Survey Data

Reg No

20503242


Rating

Regional


Categories of Special Interest

Architectural, Historical, Social


Previous Name

Hive Iron Works


Original Use

Factory


In Use As

Apartment/flat (converted)


Date

1865 - 1885


Coordinates

166981, 71705


Date Recorded

30/06/2003


Date Updated

--/--/--


Description

Eleven-bay three-storey former iron works, c. 1875, building and site re-developed c. 1994, of original buildings only block to Hanover Street remains. Pitched roof. Red brick façade to Hanover Street in Flemish bond. Camber headed window openings with yellow brick dressings, windows having cills. Fixed multipane windows, each having a pair of pivoting panes. Steel corner projectors to arched entrance opening to courtyard, one incorporating cast iron figurine.

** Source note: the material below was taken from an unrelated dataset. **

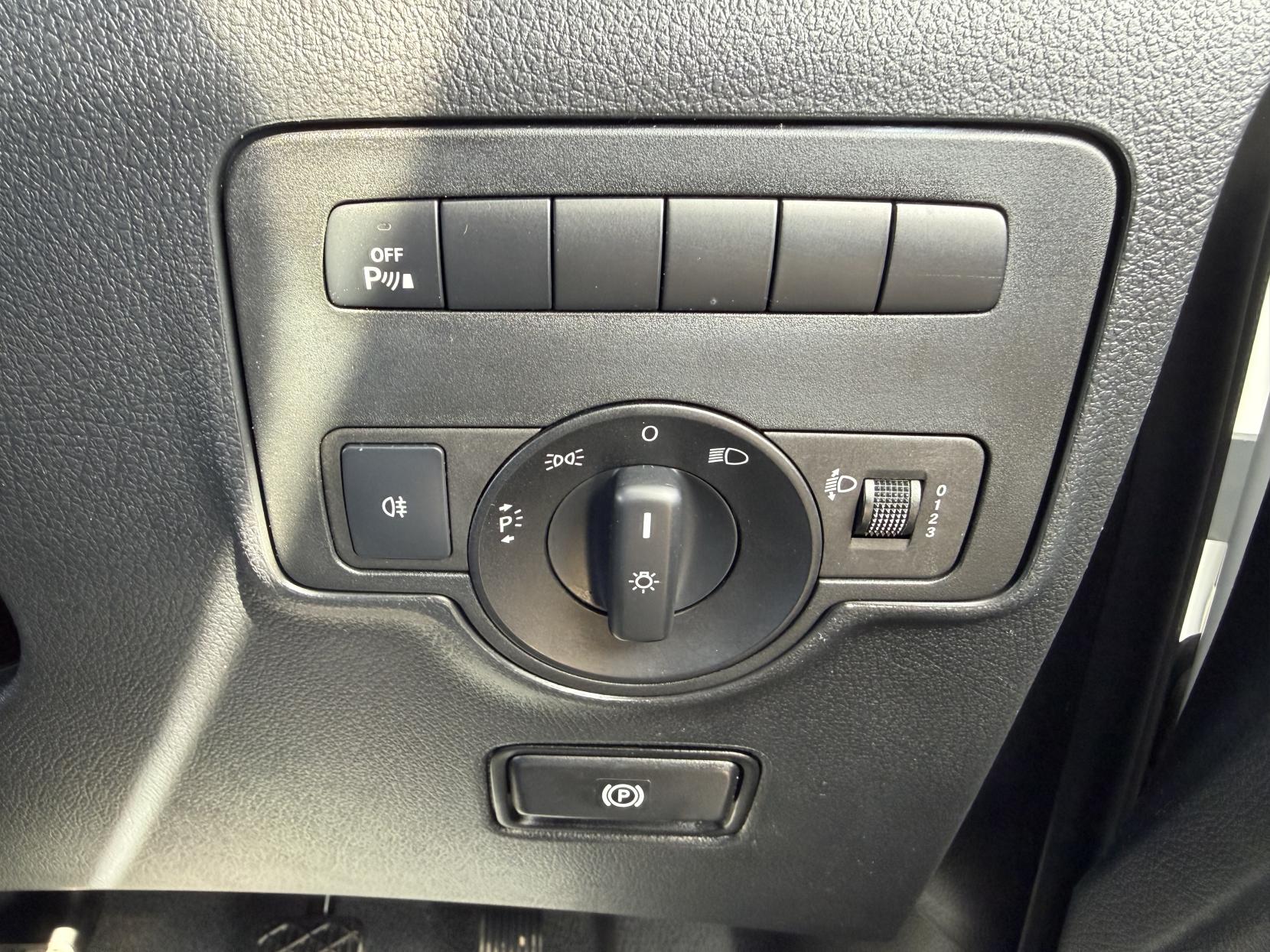 2019 Mercedes-Benz Vito 1.6 111 CDI Panel Van 6dr Diesel Manual FWD L2 Euro 6 (114 ps) - Thumbnail 22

Yellow brick to arched opening. Modern wrought iron gates leading to internal courtyard and block of apartments c. 1994. Elevation to courtyard having coursed random limestone façade with red brick dressings. Modern additions having a plain render finish. Camber headed openings and windows to original as the main façade, modern additions have square headed openings with uPVC windows, stairwell lit by a two storey round headed fixed modern window. Street frontage, site backs onto river.

Appraisal

The Hive Iron Works were an important iron works first established in Cork in 1800. The factory produced decorative and functional cast-iron work, including the gates to the Mardyke Walk, until its closure in 1935: the factory was then adapted as the Hanover Shoe Company. The furnaces were lost in the mid 1960s and many of the related buildings were lost in the 1980s when extensive demolition took place to enable the construction of an unemployment exchange. The surviving buildings were incorporated into Waterside Quay (1994). This important relic of the industrial heritage of Cork, although modified, retains its form and some historic fabric.